Reproduce exactly the lines of this material that begin at the line with "In NXT Thea" and end at the line with "HYUNDAI PALISADE 2022", both included. Omit the pictures and everything else.

Data:
▬▬▬▬▬▬
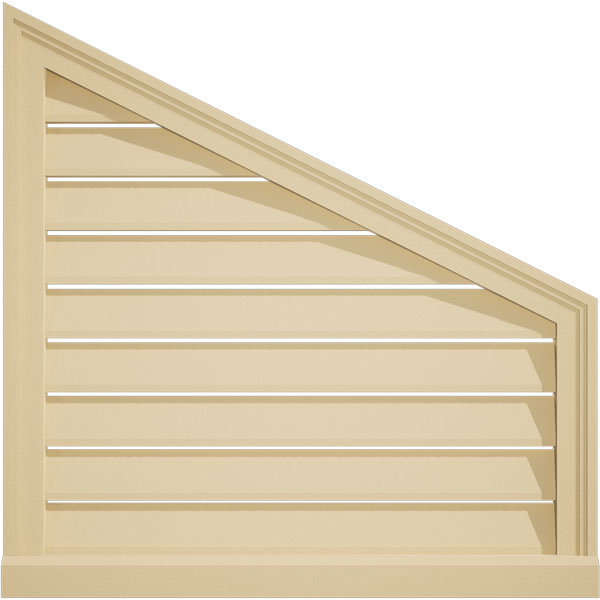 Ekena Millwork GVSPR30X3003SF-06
▬▬▬▬▬▬
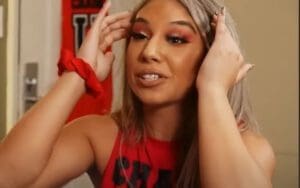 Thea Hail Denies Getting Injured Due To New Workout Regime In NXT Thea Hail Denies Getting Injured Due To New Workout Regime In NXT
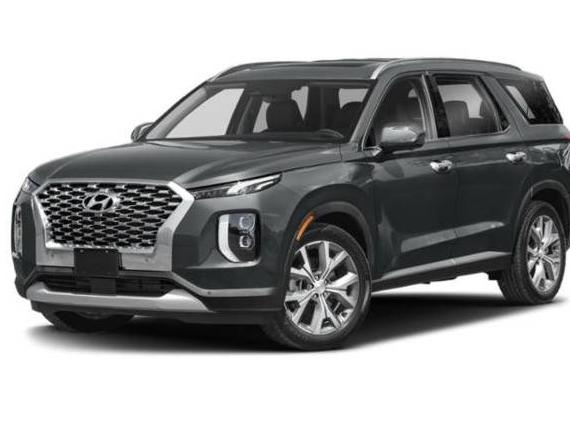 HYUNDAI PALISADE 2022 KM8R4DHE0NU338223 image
▬▬▬▬▬▬
Your response:
 Thea Hail Denies Getting Injured Due To New Workout Regime In NXT Thea Hail Denies Getting Injured Due To New Workout Regime In NXT
 HYUNDAI PALISADE 2022 KM8R4DHE0NU338223 image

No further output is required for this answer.